Without this prep, you’re throwing raw, unwashed ingredients into the pot. The outcome won’t be pretty.
2. The ML Pipeline: Cooking the Dish
Now that the data is prepped, it’s time to “cook” — this is the Machine Learning Pipeline.
-
Here’s what happens:
- Model Engineering → Feature engineering (like extracting “average delivery delay by city”), choosing algorithms, tuning hyperparameters.
- Model Evaluation → Check performance with the right metrics: F1 score, ROC-AUC, RMSE (depending on the problem).
- Model Packaging → Bundle the trained model, preprocessing steps, and metadata into a portable artifact (ONNX, Pickle, TorchScript).
👉 Example

A chef takes the prepped vegetables and decides how to cook them (sauté, grill, or steam).
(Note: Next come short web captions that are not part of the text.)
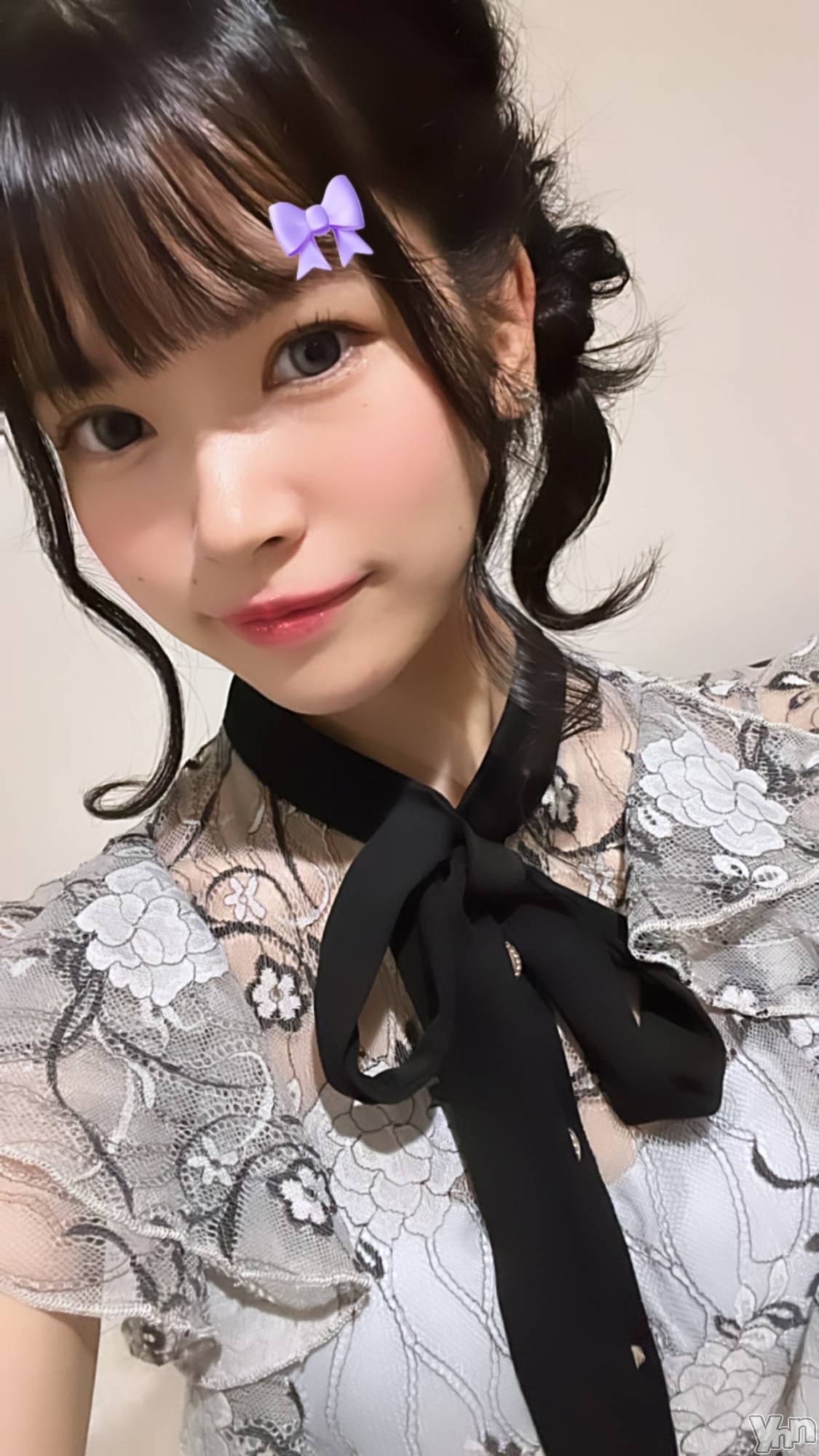 ���ܥ���Х��顦�����CLUB WONDER(����� ������) ��2024ǯ8��25���̥�֥����֤��塼🍓🖤��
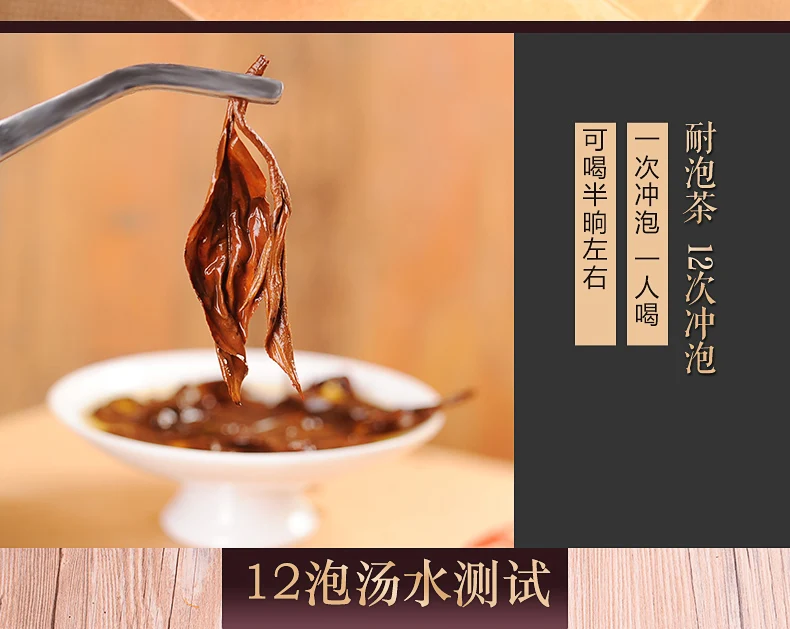 500 г, г, черный чай Юньнань дианхун Диан хун, китайский чай кунг-фу, красный, билуочун, натуральный, для похудения, сладкий мед для молочного чая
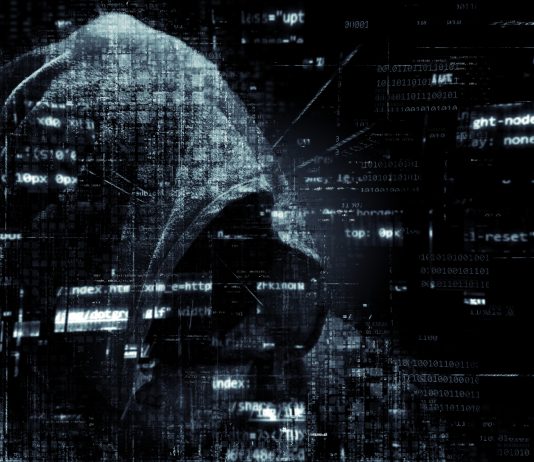– KI kan misbrukes til å fornekte jødeutryddelsene hacker, cyber crime, internet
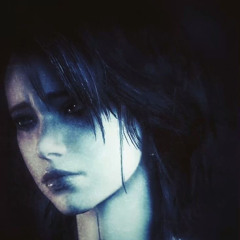 والي يسلمك كافي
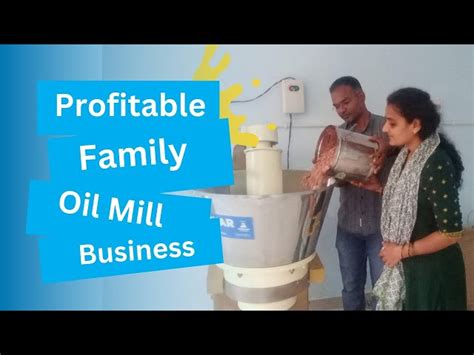 Oil Extraction Machine - Kacchi Ghani Mustard Oil Extraction Machine ...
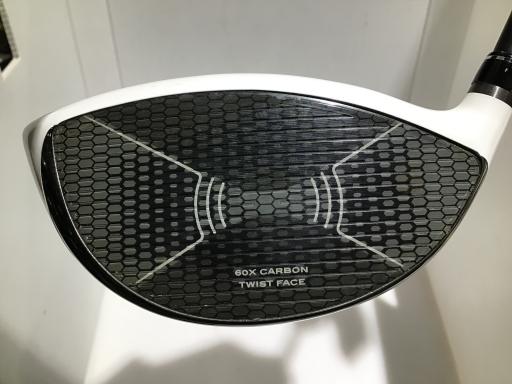 rsd`ksg@fknhqd@PODT°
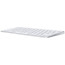 Клавиатура Apple Magic Keyboard with Touch ID for Mac computers with Apple silicon (MK293)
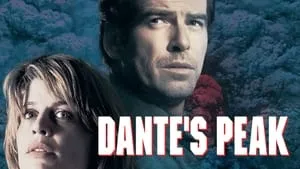 Dante pokla háttérkép
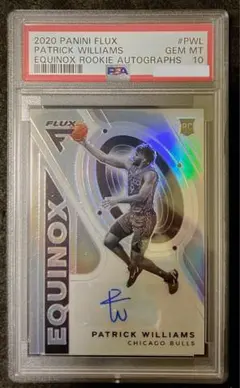 Item thumbnail for item 2bfde7d4-5329-4c42-92e6-1c08b63cbd14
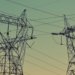 Queda de energia é registrada em diversos bairros de Salvador nesta quinta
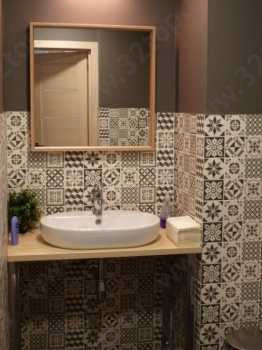 Стоматологическая клиника ПАРАВИНА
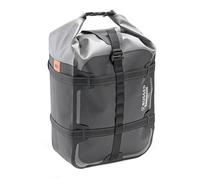 Sacoche de selle Kappa AV02 WATERPROOF (20 litres)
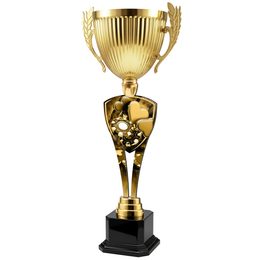 Trofej ACUPMR2026M28 | Karty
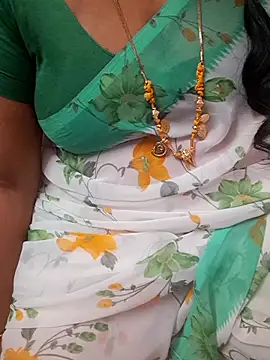 Tamil Ammani online show from 5, 4, 2026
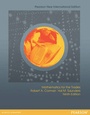 Cover: Mathematics for the Trades: Pearson New International Edition - Pearson Education Limited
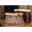 Kentucky Middle Brush Bruin -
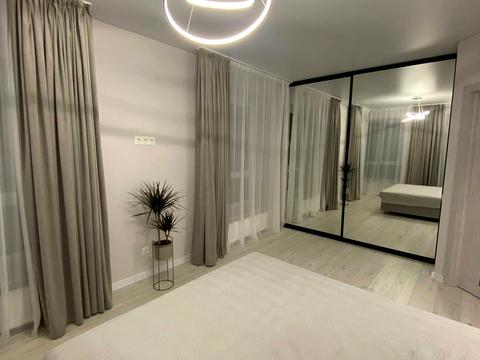 квартира за адресою Щаслива вул., (Будинок 14/2)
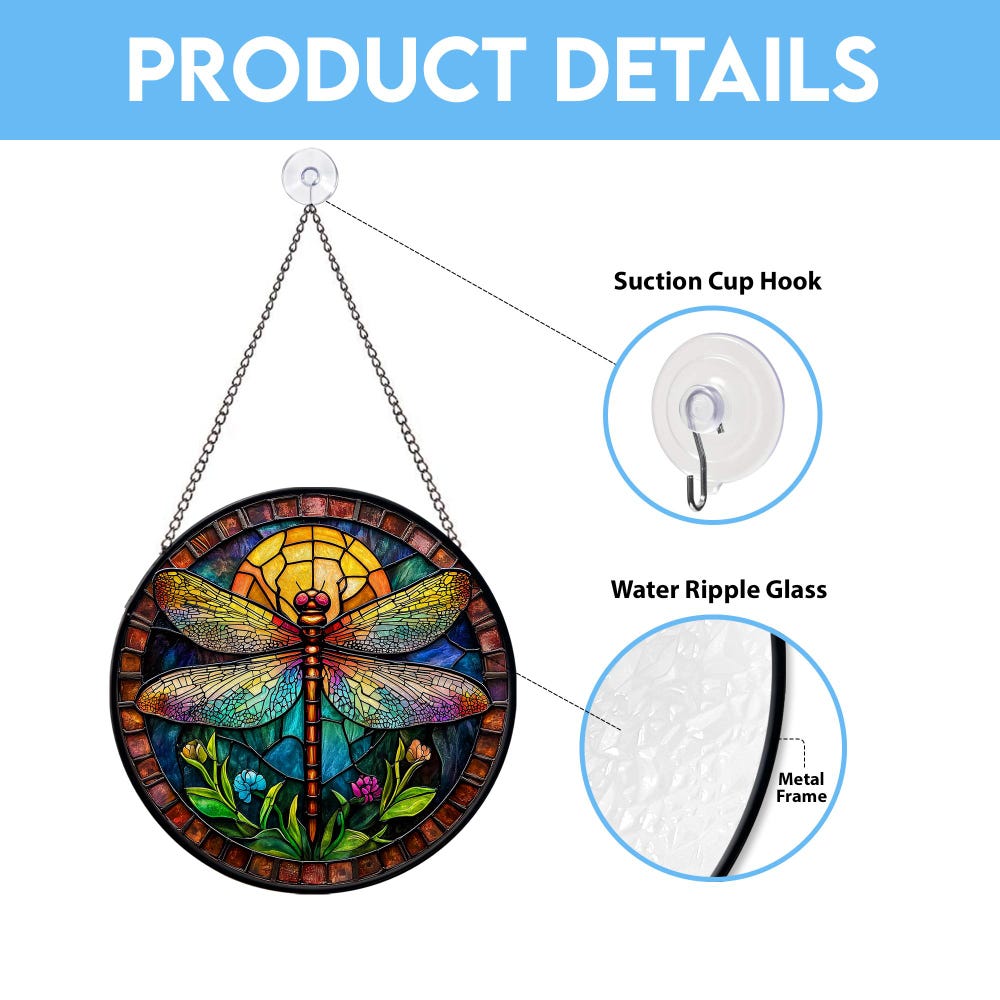 il_1000xN.6277502333_r2m8.jpg - Stained Glass Suncatchers Shop UK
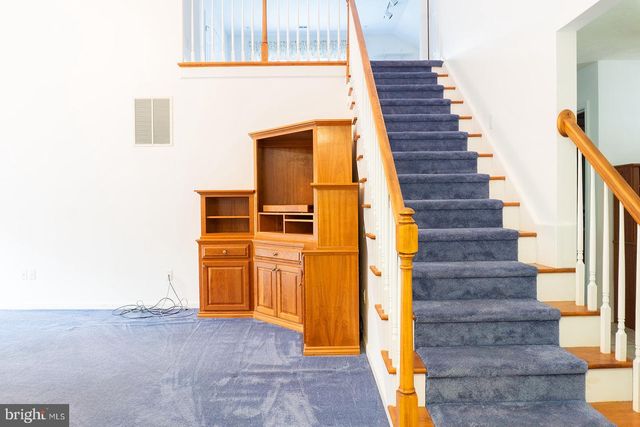 23134 MARBLE WAY, California, MD 20619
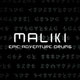 Epic SoundLab Maliki Epic SoundLab Maliki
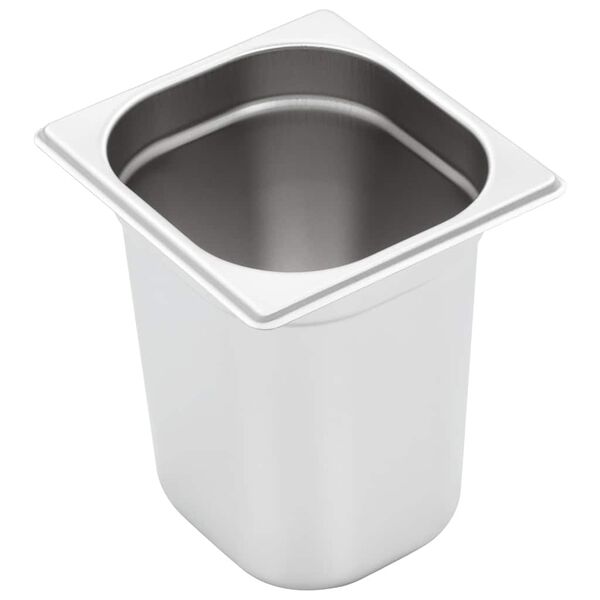 4 / 10. term&eacute;kk&eacute;p megjelen&iacute;t&eacute;se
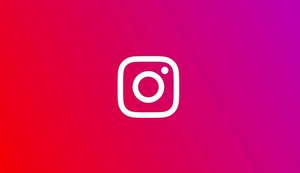 Facebook é investigado por prender jovens por muito tempo no Instagram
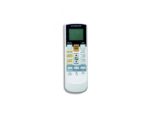 Инверторен подов климатик Fuji Electric RGG09LVCA    09 BTU - Image 3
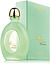 Loewe Aire Evasion
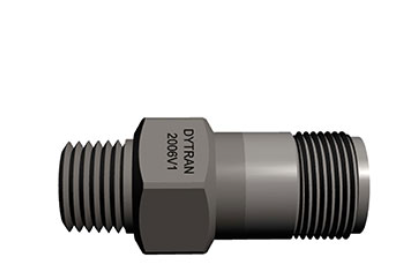 壓力傳感器：科學儀器在高壓環境下的“可靠壓力伙伴”(圖2)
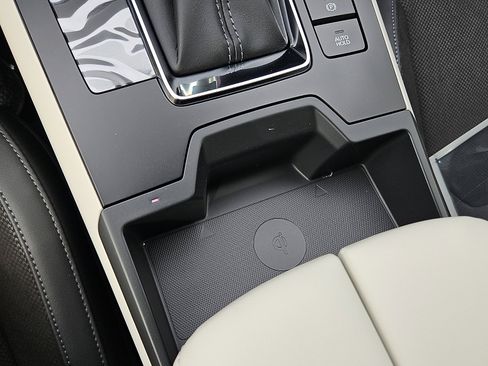 New 2026 MAZDA CX-5 Select AWD/4WD image 19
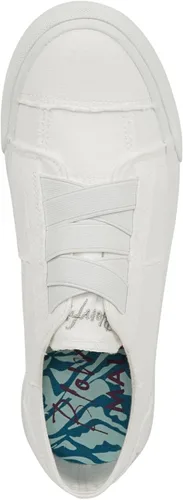 Vista 92 de Blowfish Marley - Tenis de moda para mujer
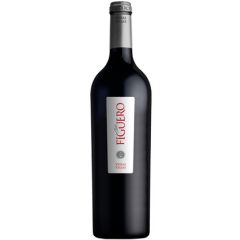 figuero viñas viejas vino tinto ribera duero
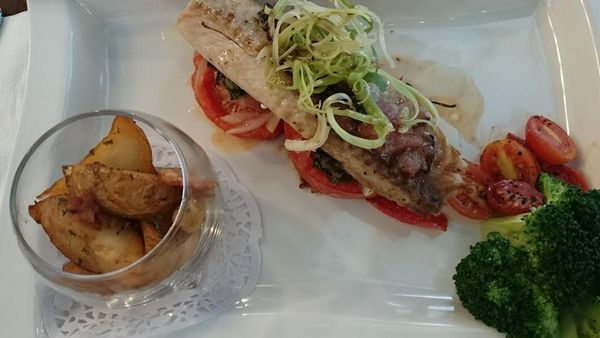 10487450_671226226298137_8042249269396012308_n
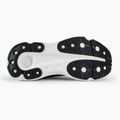 női futócipő  Under Armour Infinite Pro black/castlerock/white 4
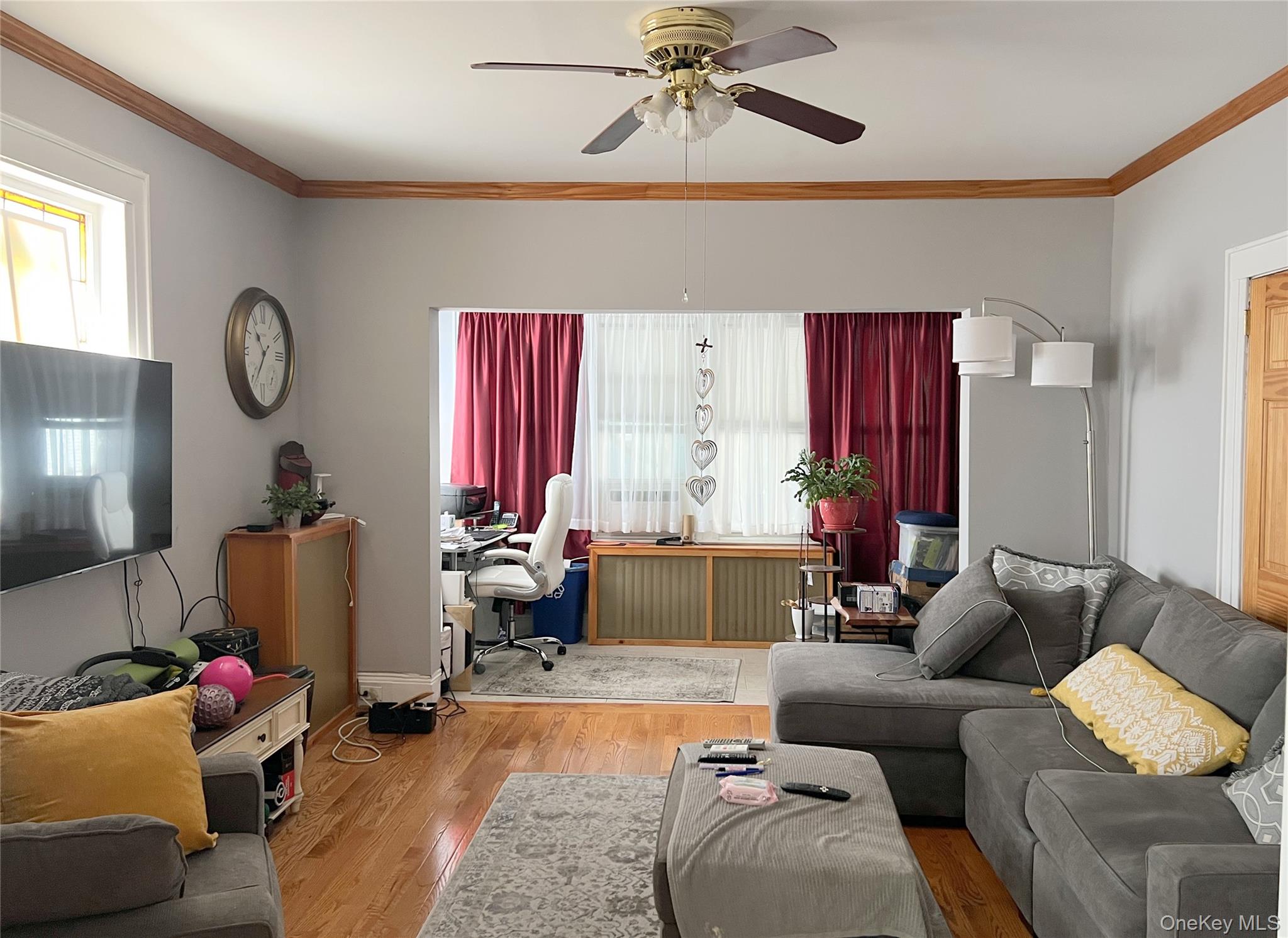 6127 62nd Street, Middle Village, NY 11379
They adjust spices, taste the sauce, and refine until the flavor is right. That’s model training: trying algorithms, tuning hyperparameters, and testing performance until the “flavor profile” (accuracy, recall, F1, etc.) meets expectations.
This stage is flashy, but without solid data prep (the kitchen prep) or delivery (software pipeline), your dish never makes it to the customer.
3. The Software Pipeline: Serving the Meal
You can cook the best dish in the world, but if it never reaches the diner, it’s pointless. That’s where the Software/Code Pipeline comes in.
- Code Integration → Wrap the model in APIs or batch jobs.
- Build & Integration Testing → Verify everything works end-to-end in a staging environment.
- Deployment → Push it live into dev, staging, or production.
👉 Example

You could cook the best risotto in the world, but if it stays on the counter, the diner never eats it. The waiter (software pipeline) has to plate it, carry it without spilling, and deliver it hot. In ML, that means deploying your model behind an API or batch system so real users can “taste” the results.
This pipeline ensures your ML system isn’t just a Jupyter notebook but a reliable service.
4. The Monitoring Pipeline: Taste Test & Feedback Loop
Finally, we need the Monitoring Pipeline — the restaurant’s quality control. Dishes must not only taste good when the chef tries them once, but every time they’re served.
- Monitor performance → Has accuracy dropped? Is the data distribution shifting?
- Monitor system health → Latency, memory usage, uptime.
- Feedback loop → Feed new production data back into the data pipeline for retraining.
👉 Example

Diners might say the soup is too salty today, or that the steak was perfect yesterday but chewy today. That feedback goes back to the kitchen so the chef can adjust. In ML, monitoring catches when data drifts, performance drops, or latency spikes and that feedback loops into retraining with fresher data.
Without monitoring, your model will silently rot in production, like a dish sitting under the heat lamp until it’s inedible.
🎯 Conclusion: It’s About Systems, Not Just Models
Machine learning isn’t just about algorithms. It’s about systems engineering. The winners are those who master the full workflow: prepping data, training models, deploying them as reliable software, and continuously monitoring for drift.
If you only focus on the modeling stage, you’ll end up with a cool demo but a failed product.